The 75 J94 saddle tanks were designed by Riddles and built by the Hunslet Engine Company. They were War Department Austerity locomotives, which the LNER bought in 1946. They had a 4F power classification under BR. All had been withdrawn from BR service by 1967, with some being sold on to the National Coal Board and 2 surviving into preservation – Nos. 68077 and 68078.

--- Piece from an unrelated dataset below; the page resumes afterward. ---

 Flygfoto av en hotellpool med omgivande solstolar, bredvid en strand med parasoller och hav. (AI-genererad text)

The first engines I recorded that started with a number 6
were the three J94s that resided at Bidston sheds. In fact, they were the only
Eastern locomotives shedded anywhere on Merseyside in 1960/1. They were very
familiar engines to us, as we could often see them from the electric trains
between New Brighton and Liverpool. At the time, I had no idea what they were
doing at Bidston except that as strong tank engines with a short wheelbase they
were suitable for dock working. The historical connections with the old Great
Central Railway were not of any immediate interest to me then.

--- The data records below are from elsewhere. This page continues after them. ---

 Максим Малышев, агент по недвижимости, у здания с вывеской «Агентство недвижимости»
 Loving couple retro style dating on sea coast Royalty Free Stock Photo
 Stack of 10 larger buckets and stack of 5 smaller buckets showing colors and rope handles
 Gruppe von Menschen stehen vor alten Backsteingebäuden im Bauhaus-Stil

We could also see them pottering about on the dock road from
the top deck of the numbers 10 and 11 buses that ran over the bridges between
Wallasey and Birkenhead and when using the footbridge over the lines next to
Bidston station during cross-country runs from school. Cross country was what
you had to do on a Wednesday afternoon if you wanted to avoid playing rugby.

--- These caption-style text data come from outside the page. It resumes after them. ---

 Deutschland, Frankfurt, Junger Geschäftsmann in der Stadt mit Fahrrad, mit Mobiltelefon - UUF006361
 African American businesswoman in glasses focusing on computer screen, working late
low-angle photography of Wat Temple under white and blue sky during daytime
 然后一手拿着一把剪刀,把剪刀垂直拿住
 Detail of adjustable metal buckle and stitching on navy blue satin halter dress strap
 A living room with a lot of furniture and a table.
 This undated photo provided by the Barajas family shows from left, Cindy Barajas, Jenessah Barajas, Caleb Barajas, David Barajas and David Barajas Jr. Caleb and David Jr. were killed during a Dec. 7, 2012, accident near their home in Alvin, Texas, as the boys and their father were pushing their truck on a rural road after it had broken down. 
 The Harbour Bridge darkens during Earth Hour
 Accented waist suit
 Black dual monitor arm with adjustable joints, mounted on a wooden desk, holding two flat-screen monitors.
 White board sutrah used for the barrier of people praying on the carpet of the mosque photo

The specified route took us from the rugby club changing rooms in the grounds
of St George’s School on Leasowe Road across Bidston Moss, where the M53
motorway now flies over the original landscape on a viaduct, as far as the top
of Bidston Hill and back. It was a rather bleak and undeveloped area at that
time and the railway, with its comparatively remote station, junctions, sidings
and the sheds [6F] in this low and boggy part of the Wirral, was the
predominant user of the land.
Bidston sheds had been a haunt for John Dyer for a few years before I first visited it by bike, taking the tracks that followed the railway line over the moss. His photos of the 3 Class J94s, Nos 68063, 68065 and 68066, were all taken either at Bidston station, on shed, or at Birkenhead docks. Bidston closed in 1963 and its allocation went to Birkenhead Mollington Street [6C then 8H], though our 3 J94s had all been withdrawn during the previous year.